# Activity
Output exactly the lines from the one with "Biedermeier Kommode mit freistehenden Säulen" to the close of the records below, first and last included.
# # # #
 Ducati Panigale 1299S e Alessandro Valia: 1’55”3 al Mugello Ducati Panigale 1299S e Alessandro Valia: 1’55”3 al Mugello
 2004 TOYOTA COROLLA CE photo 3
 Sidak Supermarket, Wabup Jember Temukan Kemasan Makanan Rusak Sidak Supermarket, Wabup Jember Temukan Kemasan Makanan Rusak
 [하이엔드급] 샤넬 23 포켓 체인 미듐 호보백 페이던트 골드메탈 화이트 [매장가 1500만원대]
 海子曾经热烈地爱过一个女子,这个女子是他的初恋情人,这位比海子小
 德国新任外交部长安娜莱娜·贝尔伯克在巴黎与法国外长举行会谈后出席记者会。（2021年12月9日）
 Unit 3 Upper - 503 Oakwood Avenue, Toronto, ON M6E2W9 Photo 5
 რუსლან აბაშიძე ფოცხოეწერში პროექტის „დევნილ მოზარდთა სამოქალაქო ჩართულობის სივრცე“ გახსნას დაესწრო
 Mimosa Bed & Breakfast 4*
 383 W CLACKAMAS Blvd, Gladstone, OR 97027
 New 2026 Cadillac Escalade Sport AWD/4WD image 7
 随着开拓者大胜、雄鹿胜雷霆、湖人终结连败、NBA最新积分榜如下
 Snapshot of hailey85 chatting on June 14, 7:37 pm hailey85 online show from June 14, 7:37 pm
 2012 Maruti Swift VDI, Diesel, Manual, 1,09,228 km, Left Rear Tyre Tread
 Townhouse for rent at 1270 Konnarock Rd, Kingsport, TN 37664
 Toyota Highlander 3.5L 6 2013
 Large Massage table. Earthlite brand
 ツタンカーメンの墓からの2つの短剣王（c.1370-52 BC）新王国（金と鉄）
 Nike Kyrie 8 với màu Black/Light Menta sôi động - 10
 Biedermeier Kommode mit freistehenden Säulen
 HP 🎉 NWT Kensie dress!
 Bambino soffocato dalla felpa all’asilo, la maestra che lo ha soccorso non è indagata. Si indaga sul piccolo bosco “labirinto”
# # # #
# Exercise response
 Biedermeier Kommode mit freistehenden Säulen
 HP 🎉 NWT Kensie dress!
 Bambino soffocato dalla felpa all’asilo, la maestra che lo ha soccorso non è indagata. Si indaga sul piccolo bosco “labirinto”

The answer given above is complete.